The PUD is one of 11 entities that provided letters of support for the competitive grant application for money available through the 2021 federal Bipartisan Infrastructure Law. The application for the Enloe Dam Removal Project Planning and Feasibility Assessment was submitted last week by Trout Unlimited, which is heading up the effort in partnership with the Confederated Tribes of the Colville Reservation.
The infrastructure law allocated $400 million to the National Oceanic and Atmospheric Administration (NOAA) for fish-passage barrier removal, said Warren Colyer, Western Water & Habitat Program Director for Trout Unlimited and the team lead for the Enloe feasibility study.
The dam, which hasn’t produced power in more than 50 years, is on the Similkameen River near Oroville. It is owned by the PUD.
The Enloe study would take two years. It starts with a comprehensive and objective feasibility study. It would develop design alternatives for dam removal and then take engineering to the 30% level for the preferred alternative so they can produce a cost estimate, according to the project summary submitted to NOAA.
The proposal also includes risk assessment, a liability-management plan, and public and stakeholder involvement. It would fund an analysis of sediment behind the dam, of fish habitat that could become available if the dam were removed, and research into water quality in the Similkameen River.
The study would be an objective evaluation of all alternatives, from leaving the dam in place to partial removal to complete removal. The proposed alternatives would go through an extensive environmental review by agencies, tribes and the public, according to the proposal.
If the study results in a recommendation of partial or complete dam removal, additional funds would have to be raised for the actual removal, Colyer said.
The NOAA money will be allocated over five years. Most of the funding is for conservation groups and nongovernmental organizations, but 15% has been designated for tribal entities. Because of the significant involvement of tribes from the United States and Canada, the same application is being submitted to both funding streams, Colyer said.
The PUD’s letter of support, signed by General Manager Steve Taylor, cites a resolution signed in July by the PUD commissioners supporting a comprehensive feasibility study to evaluate the potential removal of Enloe Dam. The PUD’s requirements specify that an agency must assume all responsibility and liability for dam removal and that there must be a firm source of funding.
The PUD agreed to the partnership with Trout Unlimited for a comprehensive, objective and science-driven study that addresses the PUD’s interests and “legitimate questions,” Colyer said.
Although some of the applicants have expressed support for removal of Enloe, the assessment will provide adequate information for a decision about whether it’s feasible to remove the dam, Colyer said. Trout Unlimited considers the PUD a partner in the effort to obtain money for this next step. “Their interests need to be represented and carried forward,” he said.
Trout Unlimited has supported dam removal as a way of restoring habitat to help with salmon recovery, Lisa Pelly, Director of Trout Unlimited’s Washington Water Project, told the Methow Valley News earlier this year.
Removal of Enloe and restoration of the Similkameen River could allow access to more than 300 miles of habitat for threatened and endangered salmon, largely in British Columbia. It could provide a substantial increase in steelhead production and ensure the existence of this species in the Okanogan River Basin, where numbers of returning natural-origin fish have been very low in recent years, according to the Enloe Dam Working Group.
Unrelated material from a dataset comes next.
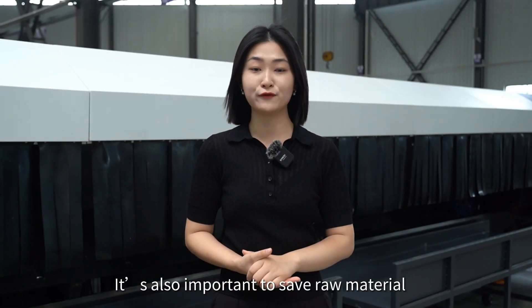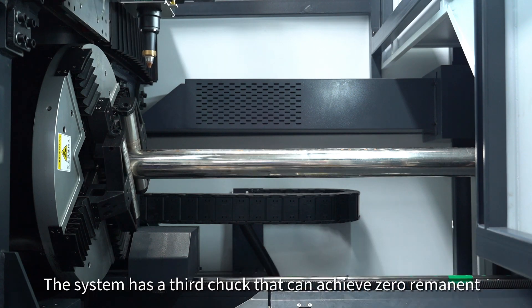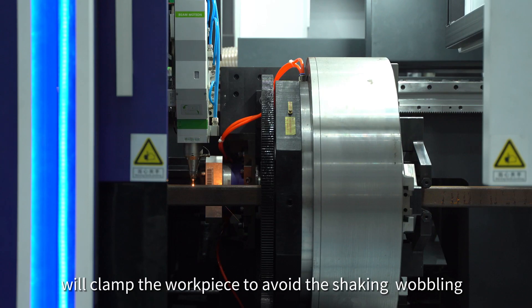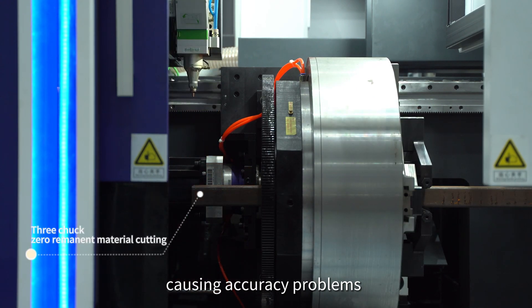It's also important to save raw material and improve accuracy. The system has a third chuck that can achieve zero remnant material. When you have a long workpiece, the third chuck acts as an existing chuck, clamping the workpiece to avoid shaking and wobbling that could cause accuracy problems.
The grant application notes that some feasibility work has already been done, including sediment sampling and analysis, evaluation of potential spawning and rearing habitat for salmon in the Similkameen watershed, and consultation with stakeholders.
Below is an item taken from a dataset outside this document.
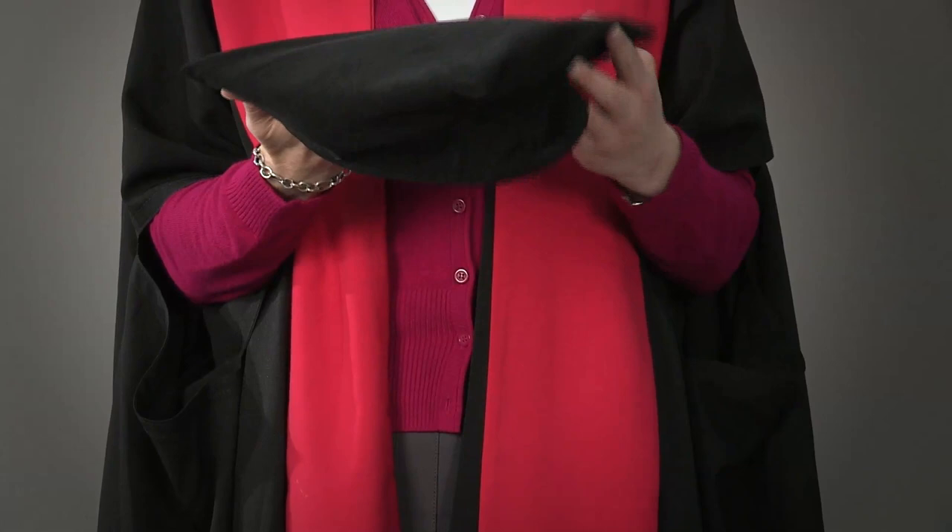If you are graduating with a PhD, you will have a Masters gown, a red stole, and a Knox bonnet.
A decision from NOAA on the funding is expected in December or January. The feasibility study and related research would be done in 2023 and 2024, Colyer said.
If the study is funded, Trout Unlimited would hire engineers and experts on liability and risk management. Colyer would oversee the project and serve as the primary point of contact with the PUD.
In addition to the PUD and the Colvilles, letters of support came from the Lower and Upper Similkameen Bands in British Columbia, the Washington Department of Fish and Wildlife (WDFW), the Washington Department of Ecology, the Okanagan Nation Alliance, the U.S. Fish & Wildlife Service, the Province of British Columbia’s Fish and Wildlife Section, the Resources Legacy Fund, and the Enloe Working Group.
Another study by WDFW is already underway. The Washington state budget allocated $250,000 for WDFW to analyze biological, management and legal issues connected with the possible removal of Enloe Dam and restoration of the Similkameen River.